Une Chine maîtresse de Taïwan pourrait couper ces routes vitales, menaçant directement Kyushu, Okinawa, et les îles Senkaku. D’autant que Pékin revendique ces territoires comme partie intégrante de sa « province de Taïwan ». La menace ne serait plus théorique : elle deviendrait militaire.
Le piège géographique de Manille
Le cauchemar philippin se joue au nord : le détroit de Luçon. C’est l’un des rares corridors stratégiques où les sous-marins chinois et américains peuvent passer inaperçus. En cas de guerre, cette étroite bande d’eau deviendrait un théâtre central, et le volume de réfugiés attendus submergerait le pays.
Taïwan n’est qu’à quelques centaines de kilomètres de Luzon. Le président Marcos Jr. l’a reconnu : échapper au conflit serait « difficilement imaginable ». Militairement, l’armée philippine est en alerte. Des batteries anti-navires américaines seront déployées dans la zone durant l’exercice Balikatan 2025. Et le détroit de Luçon devient le nouveau point chaud de la stratégie indo-pacifique.
Sur le plan économique, les Philippines dépendent aussi des routes commerciales de cette zone : un cinquième de leurs importations, un septième de leurs exportations. Et aucune voie alternative ne pourrait être sécurisée en cas d’occupation chinoise de Taïwan.
Chine, conquête et projection de puissance
Pour Pékin, contrôler Taïwan, c’est transformer la barrière maritime en tremplin stratégique. Le détroit de Taïwan deviendrait un « lac intérieur ». Et l’armée chinoise pourrait projeter sa puissance jusqu’aux Ryukyu, aux Philippines et aux côtes japonaises.
La stratégie est claire : casser l’encerclement maritime américain, imposer une zone d’exclusion militaire, et créer un corridor vers le Pacifique. Taïwan est la clé pour briser l’ordre régional libre et ouvert, et imposer un modèle autoritaire dominé par Pékin.
Derrière l’enjeu militaire, il y a un bras de fer civilisationnel. Taïwan est la preuve vivante qu’une culture chinoise peut être démocratique. Et ça, Xi Jinping ne peut pas l’admettre. L’île devient un obstacle idéologique autant qu’un verrou géographique.
Un triangle stratégique sous pression
Dans cette équation, les États-Unis ne sont plus seuls en ligne de front. Le Japon et les Philippines jouent désormais leur souveraineté, pas seulement leur sécurité. Sans Taïwan, ils risquent d’être encerclés, isolés et contraints à la soumission diplomatique.

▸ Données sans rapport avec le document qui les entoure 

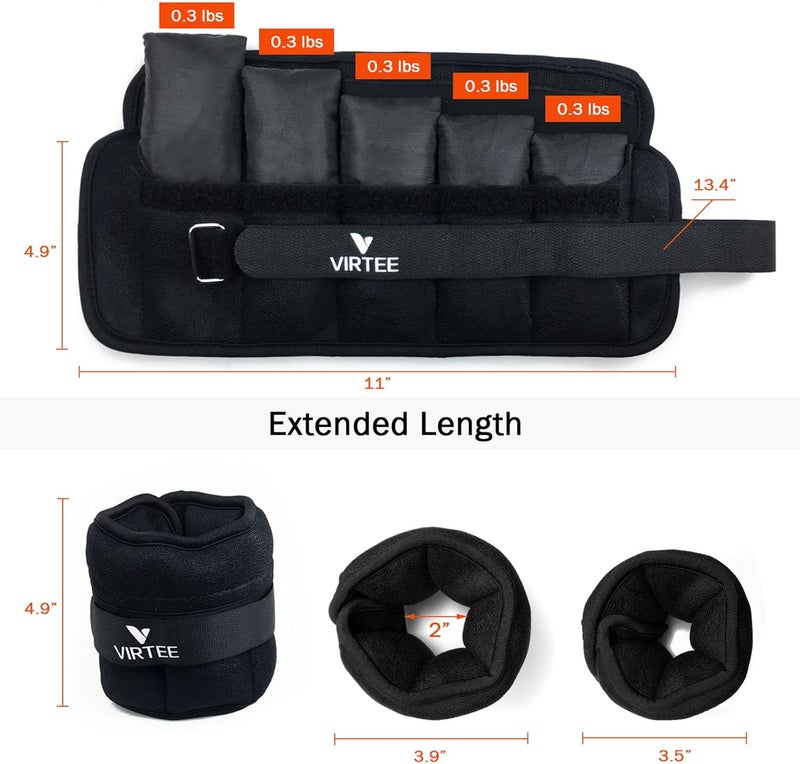 Virtee Adjustable Ankle Weights, 3/7/10 Lbs Pair Arm Leg Weights Set for Men and Women, Weighted Ankle Weight for Jogging, Walking, Gymnastics, Aerobics, Physical Therapy - Image 4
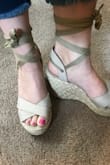 I'm a solid 8.5 in shoes and based on other reviews, I chose to order a 7.5 which fit perfectly. I wore them to my graduation and they held up in the heat and through walking a few miles. They have started to fall apart a bit near the toes, but for the price, they were ideal. - Jess P.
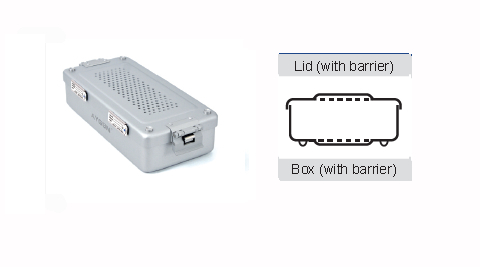 Container for sterilization with biological barrier of mini model and perforated lid - 315 x 142 x h mm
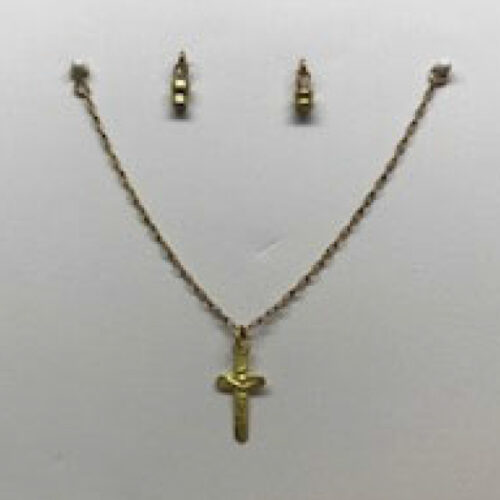 Devotion Crucifix on 3” Chain w/ Earrings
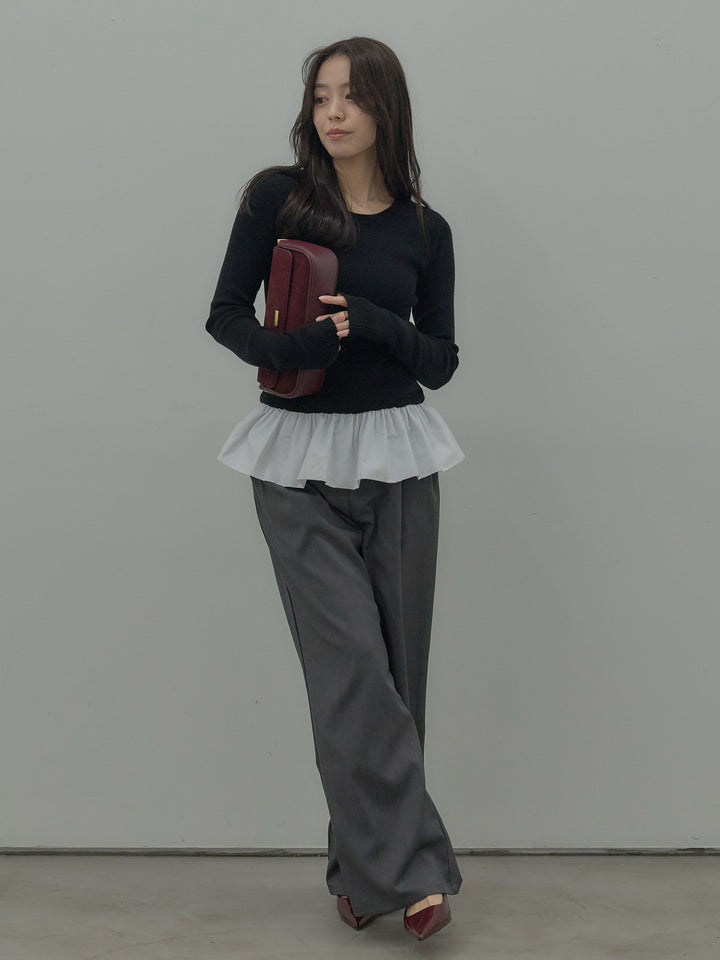 【SET】裾ドッキングデザインニットトップス+ タックワイドパンツ(2set)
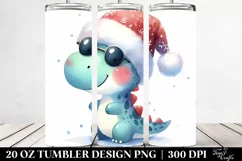 Cute Baby Dinosaur in Santa Hat, Transparent 20 Oz Tumbler Product Image 2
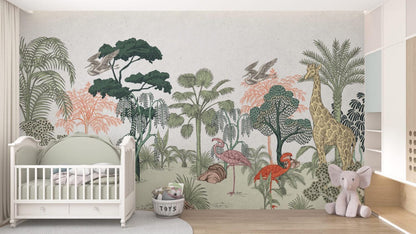 Linear Forest And Animals 3D Wallpaper For Kidsroom, Illustration Childrens Wallpaper, Wall Mural Nursery, Wide Wallpaper, Jungle Wallpaper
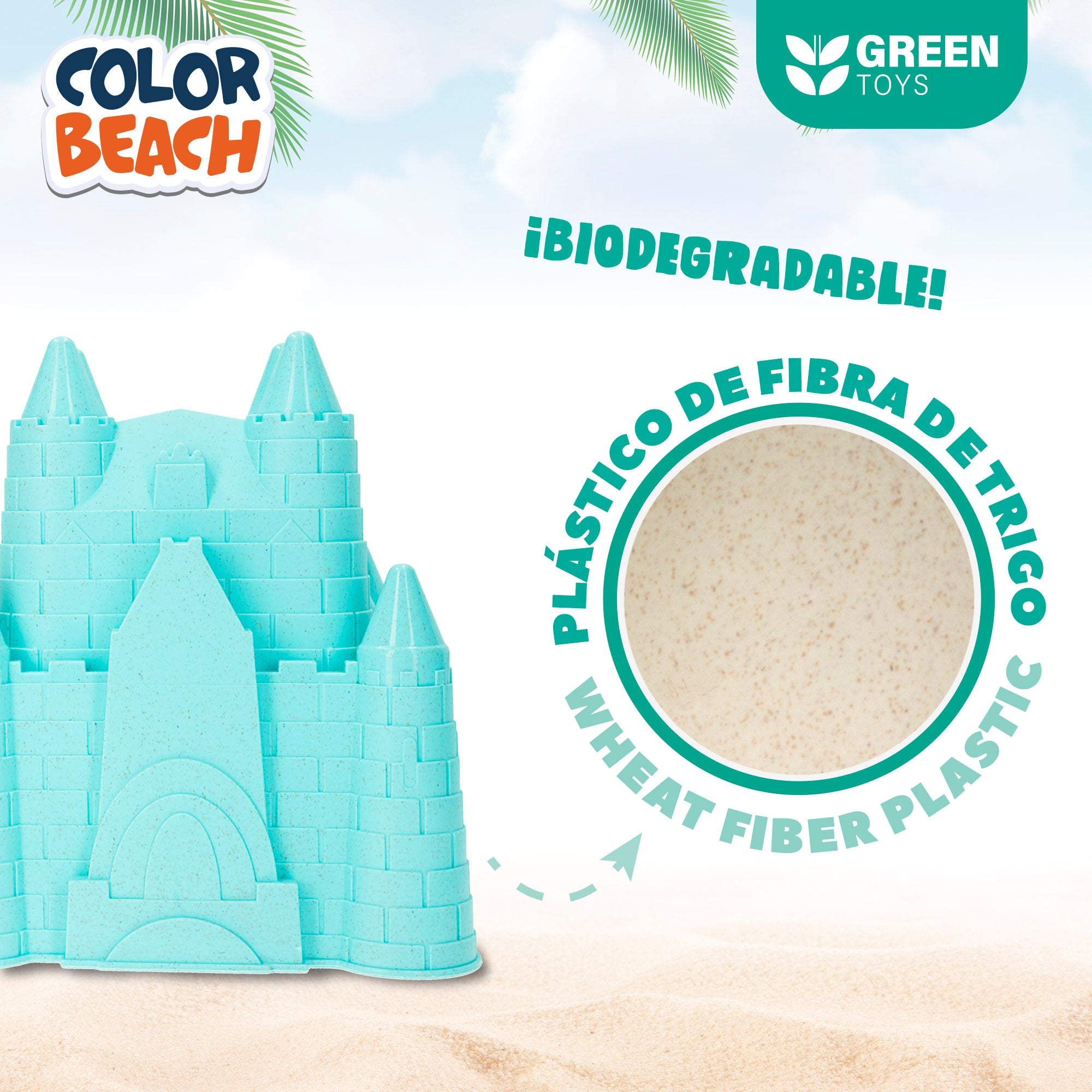 Conjunto de brinquedos de praia com balde e acessórios. Colorido Praia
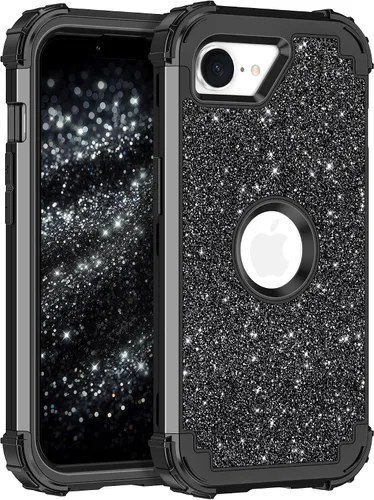 Vista 25 de LONTECT Funda para iPhone 15 Plus con purpurina brillante 3 en 1, a prueba de golpes, resistente, híbrida, resistente, funda protectora de alto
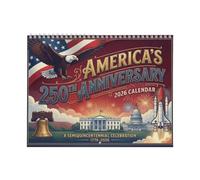 Calendario 2026 | Organizador Coleccionable Histórico Patriótico,Calendario De Pared Artístico 2026,para Hogar Familia Escuela Oficina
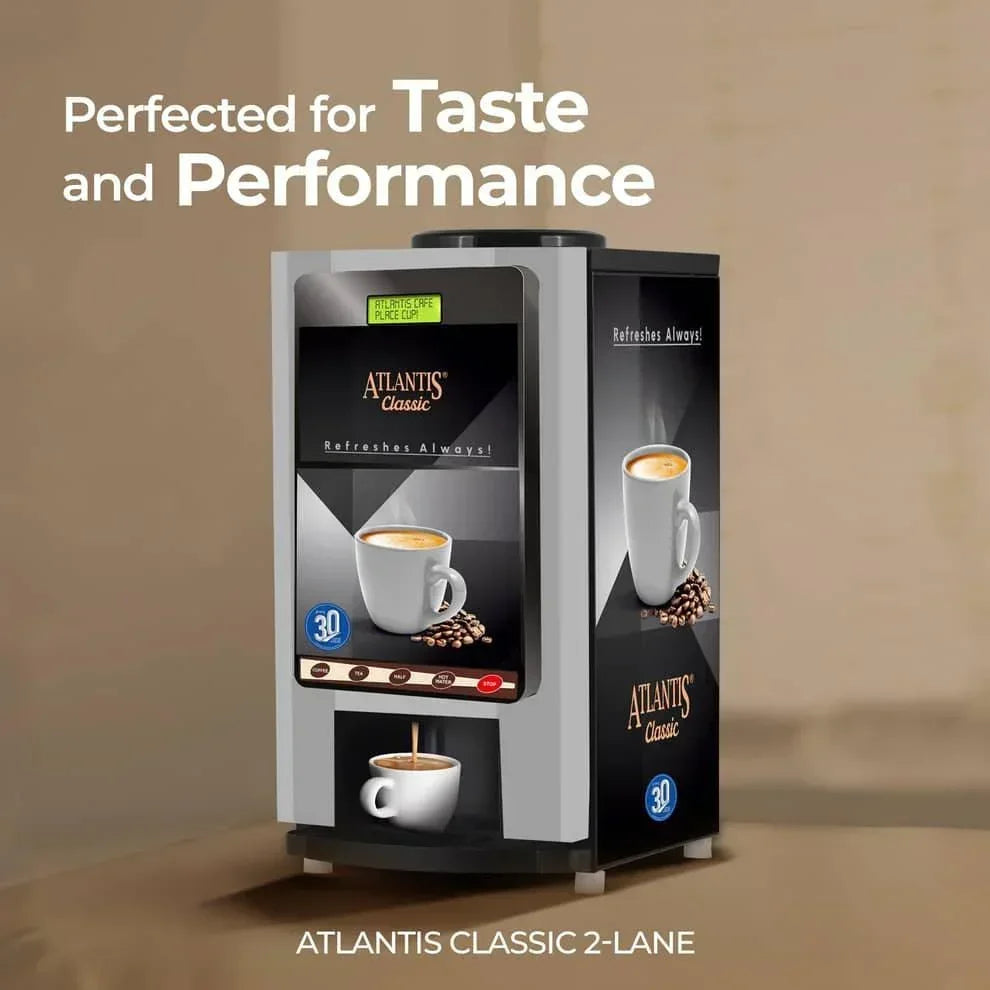COFFEE WALLA Atlantis Classic 2-lane tea and coffee vending machine with dual dispensing lanes and digital display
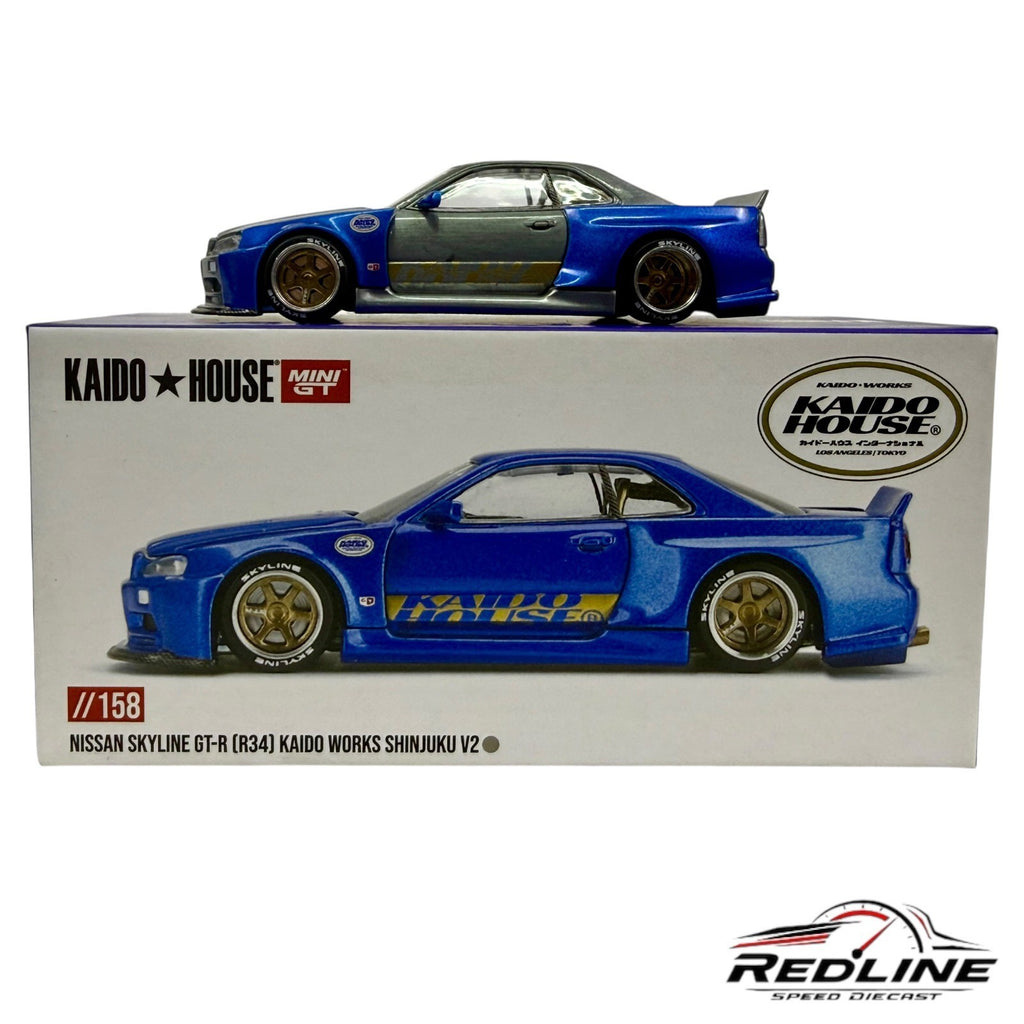 🎌Kaido House Nissan Skyline GT-R R34 Works Shinjuku V2 Blue #158 CHASE H36🎌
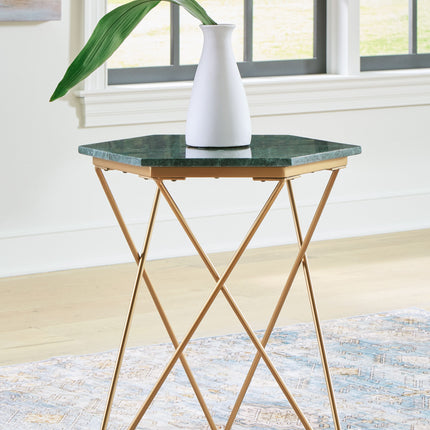 Engelton - Green / Gold - Accent Table Signature Design by Ashley® 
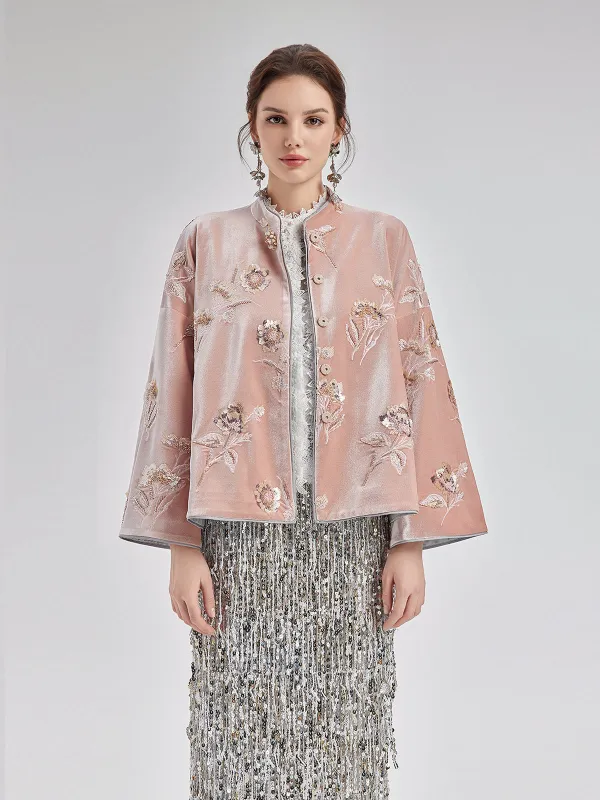 French Velvet Beaded Embroidered Cape Coat sold by Rich Radi Q's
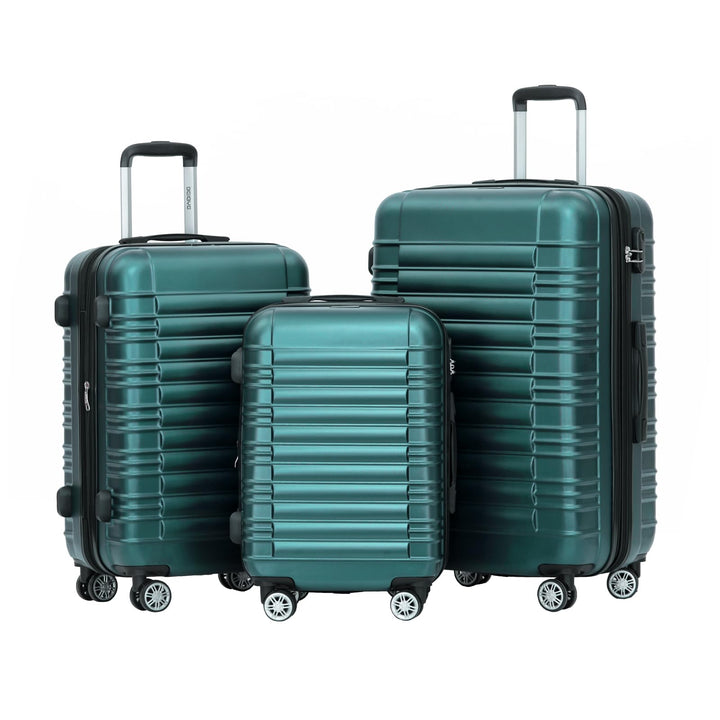 BEIBYE Zwillingsrollen Reisekoffer Koffer Trolleys Hartschale M-L-XL-Set (Dunkelgrün, Set) Dunkelgrü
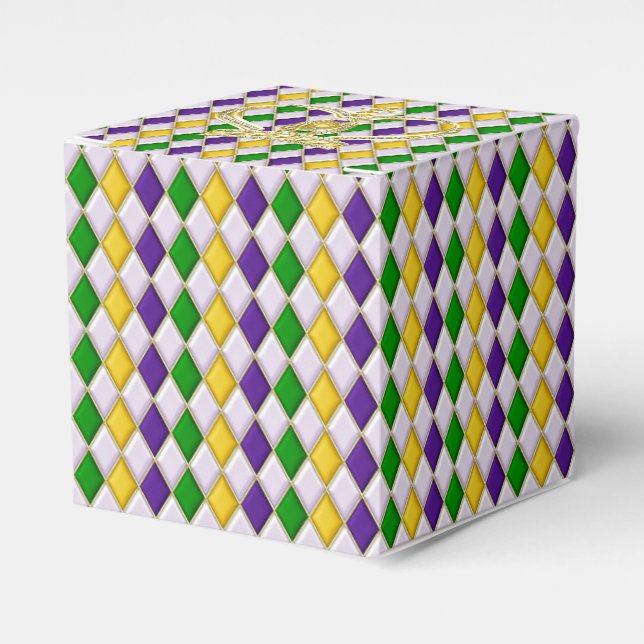 Mardi Gras Harlequin pattern2 with Crown Favor Boxes (Front Side)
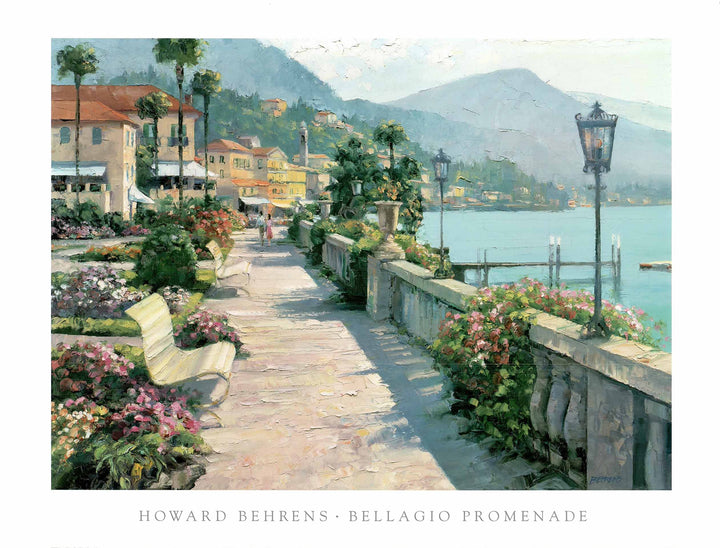 Bellagio Promenade, Italy by Howard Behrens - 27 X 35 Inches (Art Print)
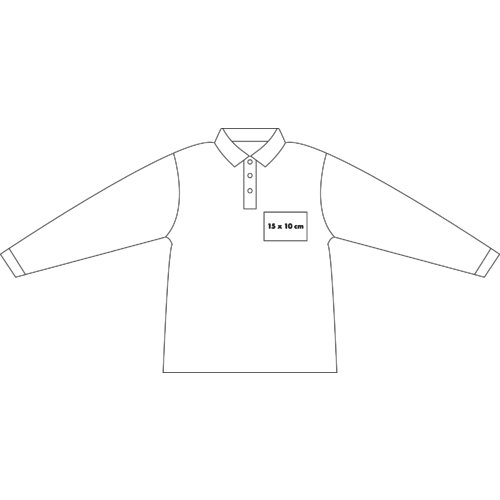 Lichtgekleurde katoenen polo met lange mouwen voor dames.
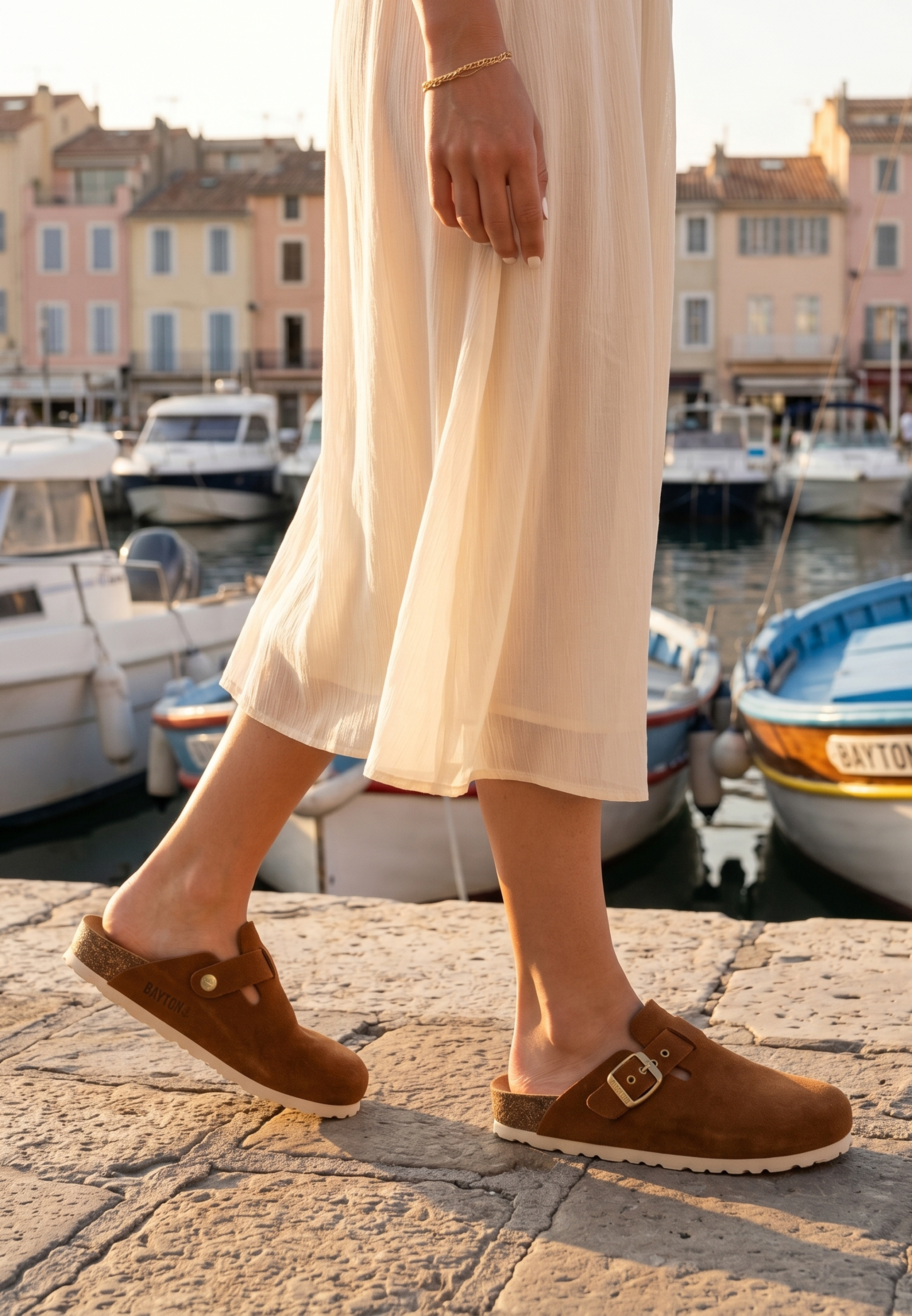Sabots Milky Camel en Cuir Suédé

Ce n’est donc pas un conflit « lointain » : c’est une alerte vitale pour toute l’Asie libre. En renforçant leurs alliances et leurs capacités militaires, Tokyo et Manille envoient un signal : la guerre ne sera pas celle de l’Amérique seule.
Le compte à rebours est enclenché. Et c’est à Taïwan que se décidera l’avenir du Pacifique.